Here is an example of one way to define a tool:

from agents import FunctionTool

async def create_meme_function(ctx: Any, args: str) -> str:
    """Generate a meme based on the given prompt."""
    try:
        args_dict = json.loads(args)
        prompt = args_dict.get("prompt")
        if not prompt:
            raise ValueError("Prompt is required")
        
        result = meme_generator.generate_meme(prompt)
        return json.dumps(result)
    except Exception as e:
        return json.dumps({"error": f"Failed to generate meme: {str(e)}"})
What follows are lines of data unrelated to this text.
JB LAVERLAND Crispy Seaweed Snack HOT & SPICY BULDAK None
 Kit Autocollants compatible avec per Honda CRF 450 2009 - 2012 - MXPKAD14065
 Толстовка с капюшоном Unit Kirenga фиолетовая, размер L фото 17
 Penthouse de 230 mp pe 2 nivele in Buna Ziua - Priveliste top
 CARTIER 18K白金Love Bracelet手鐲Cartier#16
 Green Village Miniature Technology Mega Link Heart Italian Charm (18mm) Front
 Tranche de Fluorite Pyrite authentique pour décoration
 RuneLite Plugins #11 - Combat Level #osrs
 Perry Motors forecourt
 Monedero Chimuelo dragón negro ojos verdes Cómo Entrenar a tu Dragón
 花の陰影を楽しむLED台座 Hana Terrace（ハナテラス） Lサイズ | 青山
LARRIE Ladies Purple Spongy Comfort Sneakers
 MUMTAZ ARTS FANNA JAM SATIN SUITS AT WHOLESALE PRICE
create_meme_tool = FunctionTool(
    name="create_meme",
    description="Generates multiple meme images based on a text prompt",
    params_json_schema={
        "type": "object",
        "properties": {
            "prompt": {
                "type": "string",
                "description": "The text prompt describing the meme to generate"
            }
        },
        "required": ["prompt"],
        "additionalProperties": False
    },
    on_invoke_tool=create_meme_function
)

Interacting with Agents

Request Format

Agents accept requests with this structure:

{
  "input": "User query or instruction",
  "history": [
    {"role": "user", "content": "Previous user message"},
    {"role": "agent", "content": "Previous agent response"}
  ],
  "config": {
    "parameter1": "value1"
  }
}
  • input: The user's current query or instruction
  • history: Previous exchanges (optional)
  • config: Additional parameters to customize agent behavior (optional)

Response Stream

Agents typically respond with a stream of text events:

data: First part of response

data: Second part of response

data: $ref$"https://example.com/meme1.jpg"$ref$

Communication Protocol

Server-Sent Events (SSE)

Our agents use SSE to stream responses back to clients:

  1. Client makes a POST request to the /chat endpoint
  2. Server keeps the connection open
  3. Server sends events formatted as data: {content}\n\n
  4. Client processes each event as it arrives
@app.post("/chat")
async def chat_stream(request: ChatRequest, api_key: str = Header(None)):
    # Validate API key
    if api_key != os.getenv("AUTHORIZED_KEY"):
        raise HTTPException(status_code=401, detail="Unauthorized")
    
    # Process request...

Best Practices

Error Handling

Implement robust error handling:

try:
    # Process request
except Exception as e:
    yield f"data: Error: {str(e)}\n\n"

Retry Mechanisms

For external service calls, implement retries:

from tenacity import retry, stop_after_attempt, wait_exponential

@retry(
    stop=stop_after_attempt(3),
    wait=wait_exponential(multiplier=1, min=4, max=10),
    reraise=True
)
async def external_service_call():
    # Make the call

Service Fallbacks

Design agents to fall back to alternative services:

def generate_content(prompt: str):
    for service in [primary_service, backup_service]:
        try:
            return service.generate(prompt)
        except Exception:
            continue
    
    raise Exception("All services failed")

Input Validation

Always validate and sanitize user inputs:

@field_validator('input')
@classmethod
def validate_input(cls, v):
    # Remove any potentially harmful characters
    v = ''.join(c for c in v if c.isprintable())
    return v.strip()

Examples

Meme Generation Agent

A complete example that creates memes based on user prompts:

https://github.com/ZuvuFoundation/agent-catalogue/tree/main/agents/meme

Simple Chat Agent

A minimal agent that just returns AI-generated responses:

https://github.com/ZuvuFoundation/agent-catalogue/tree/main/agents/default/claude

Language Agnostic Implementation

The principles covered here apply across programming languages:

  • Node.js: Use Express for the API layer
  • Go: Use Gin or Echo frameworks
  • Java/Kotlin: Use Spring Boot
  • Ruby: Use Sinatra or Rails

When implementing in another language, ensure:

  1. Your framework supports streaming responses
  2. You maintain the same request/response structure
  3. You implement proper error handling and retries
  4. You follow the SSE protocol for streaming responses

Conclusion

Building effective agents requires balancing user needs, technical constraints, and service capabilities. Follow these guidelines to create agents that are robust, responsive, and valuable to users.